___ Data extracts ___

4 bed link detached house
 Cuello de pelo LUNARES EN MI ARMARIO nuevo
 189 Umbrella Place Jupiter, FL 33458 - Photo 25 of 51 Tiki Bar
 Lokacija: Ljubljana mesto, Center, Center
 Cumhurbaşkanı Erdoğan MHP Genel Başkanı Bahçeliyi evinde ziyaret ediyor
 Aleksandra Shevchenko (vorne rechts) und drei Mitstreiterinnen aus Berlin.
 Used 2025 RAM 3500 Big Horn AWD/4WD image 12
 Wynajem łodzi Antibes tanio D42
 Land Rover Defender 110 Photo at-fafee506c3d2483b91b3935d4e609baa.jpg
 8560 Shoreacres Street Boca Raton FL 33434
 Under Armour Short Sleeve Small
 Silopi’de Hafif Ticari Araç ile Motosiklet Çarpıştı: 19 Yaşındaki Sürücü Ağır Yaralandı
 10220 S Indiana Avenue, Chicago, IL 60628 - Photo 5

___

● Exercise instructions
Search the records for the string "Photo", and copy every line that holds it.

● Answer for the task
 189 Umbrella Place Jupiter, FL 33458 - Photo 25 of 51 Tiki Bar
 Land Rover Defender 110 Photo at-fafee506c3d2483b91b3935d4e609baa.jpg
 10220 S Indiana Avenue, Chicago, IL 60628 - Photo 5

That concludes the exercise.